Não pensei duas vezes, sentindo o desprezo mascarado de piedade - que não mereço! - disse " posso te perguntar uma coisa?". Seus olhos brilhavam quando me olhavam, pensando que talvez suas palavras tivessem tocado meu coração a ponto de aceitar Jesus e a palhaçada toda que ele me dizia. Ajeitei meu tom de voz, e perguntei "E você, namora?" e dei uma risadinha provocativa. Queria ter encarnado o próprio exu só pra comprovar que entre Jesus e essa transfobia mascarada, eu era orgulhosamente travesti e ateia. Ele precisava de algum tempo, ar ou talvez um buraco para enfiar a cara para tamanha surpresa. Um letreiro aparecia sob sua cabeça, como naqueles gibis, "UM traveco me dando ideia?", ele riu desconcertado. "Namoro com Jesus?" (Pasmem! O oco era viado, platônico e daqueles de amigos imaginários). "Só com ele?", perguntei. Ele disse "Sim, ele está preparando um lindo casamento pra nós ". To chocada! Não resisti:
- Veado, além de monogâmico, você caiu nesse papinho? Jesus diz 'Eu te amo' pra todas! Mas tá pra voltar há 2016 anos e nada, vai te deixar esperando no altar!

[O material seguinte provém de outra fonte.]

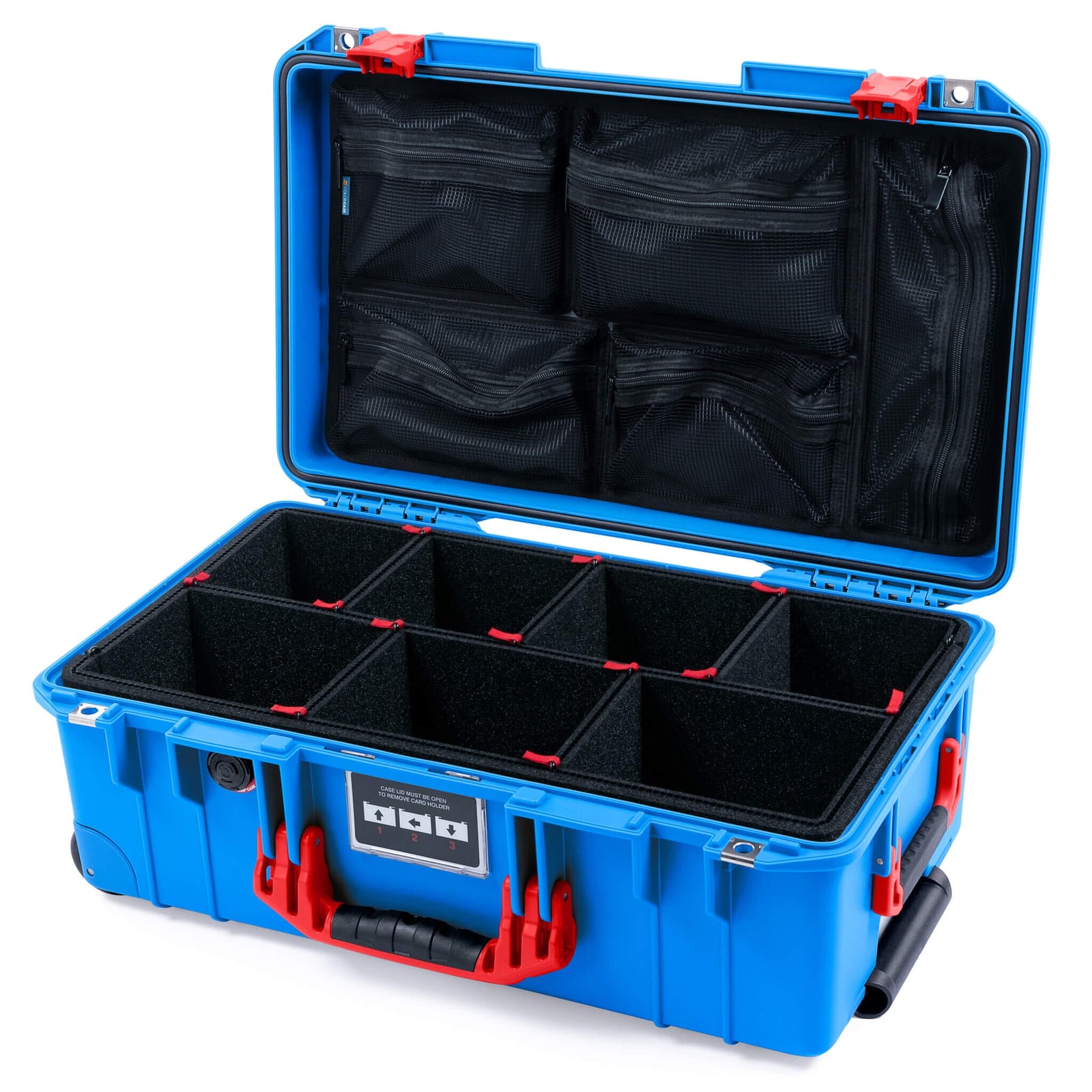Pelican 1535 Air Case, Electric Blue with Red Handles & Latches TrekPak Divider System with Mesh Lid Organizer ColorCase 015350-0120-120-321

A cara fechou. Não sabia mais o que dizer. Meu ônibus passou, dei uma risadinha e caminhei alguns passos a frente para adentrar o ônibus, cheio. Na escada para subir, me virei e gritei " Ei! O demônio também me tocou e disse que vai comer seu cu hoje a noite!". O ônibus saiu, a porta fechou, e o boy com o rosto vermelho, do vento e da vergonha, foram de distanciando. Eu hen!